Le Bureau des Études Doctorales a le plaisir de vous informer que

Madame Tatiana DISPERATI

Doctorante au laboratoire CDPC - Centre de Droit et Politique Comparés Jean-Claude Escarras - UMR 7318 rattachée à l’école doctorale 509 « Civilisations et Sociétés euro-méditerranéennes et comparées », sous la direction de Monsieur Thierry DI MANNO, professeur des universités, soutiendra publiquement sa thèse en vue de l’obtention du doctorat Sciences juridiques, sur le thème suivant :

« L’actualisation de la Constitution par le juge constitutionnel
Étude de droit comparé : France, Espagne, Italie »

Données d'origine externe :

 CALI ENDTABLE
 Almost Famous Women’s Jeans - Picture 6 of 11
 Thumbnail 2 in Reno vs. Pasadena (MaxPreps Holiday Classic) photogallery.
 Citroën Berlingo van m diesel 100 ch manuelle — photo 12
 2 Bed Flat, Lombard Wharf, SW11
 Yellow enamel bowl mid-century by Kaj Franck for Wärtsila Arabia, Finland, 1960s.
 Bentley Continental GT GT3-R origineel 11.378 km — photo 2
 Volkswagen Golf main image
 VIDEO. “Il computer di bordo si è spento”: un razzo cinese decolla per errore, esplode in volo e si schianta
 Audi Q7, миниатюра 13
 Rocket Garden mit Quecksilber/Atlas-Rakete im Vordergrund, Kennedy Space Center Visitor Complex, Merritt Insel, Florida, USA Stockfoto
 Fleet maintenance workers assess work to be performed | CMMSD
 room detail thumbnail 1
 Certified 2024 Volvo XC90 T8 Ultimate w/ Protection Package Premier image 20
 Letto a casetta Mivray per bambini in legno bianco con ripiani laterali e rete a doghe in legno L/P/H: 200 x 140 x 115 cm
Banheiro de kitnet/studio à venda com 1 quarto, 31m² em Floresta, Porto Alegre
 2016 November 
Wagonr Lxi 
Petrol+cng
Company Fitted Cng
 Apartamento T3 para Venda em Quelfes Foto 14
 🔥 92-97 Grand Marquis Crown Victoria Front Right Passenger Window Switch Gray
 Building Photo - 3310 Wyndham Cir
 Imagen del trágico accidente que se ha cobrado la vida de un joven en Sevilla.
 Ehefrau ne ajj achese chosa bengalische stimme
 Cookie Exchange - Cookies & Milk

Lundi 12 décembre 2016 à 13h30 à l’Université de Toulon, Faculté de droit, salle du Conseil,

devant un jury composé de :

Résumé :

Non prévue par les textes, l’actualisation de la Constitution ravive le plus souvent la crainte d’un gouvernement des juges. Il faut dire que selon une acceptation classiquement répandue, le Conseil constitutionnel excèderait le cadre général de sa mission à chaque fois qu’il s’écarterait de la signification originaire des énoncés constitutionnels. Il appartiendrait au Conseil constitutionnel d’examiner seulement un rapport de conformité au regard d’une norme constitutionnelle qui s’imposerait à lui. Cette approche de l’office du juge constitutionnel est réductrice, elle néglige les rapports entre le temps et la Constitution.

L’étude comparée des expériences espagnole, italienne et française amène ainsi à repenser l’office du juge constitutionnel à l’aune de la variable temps. En cela, l’adaptation de la norme constitutionnelle à la réalité sociale, permise par la liberté d’interprétation du juge constitutionnel, contribue à la préservation de la longévité de la Constitution. La longévité requiert en effet en sus de la stabilité, soit de la continuité de la Constitution, la mutabilité de la substance constitutionnelle. Or, garantir la suprématie de la Constitution implique, dans une perspective d’intemporalité, de préserver sa longévité. L’actualisation de la Constitution constitue dès lors une fonction implicite du juge constitutionnel visant à garantir la longévité de la Constitution par le biais de l’interprétation de la Constitution. Une fonction que le juge constitutionnel s’efforce d’encadrer afin de respecter l’équilibre des pouvoirs inhérent à un État de droit.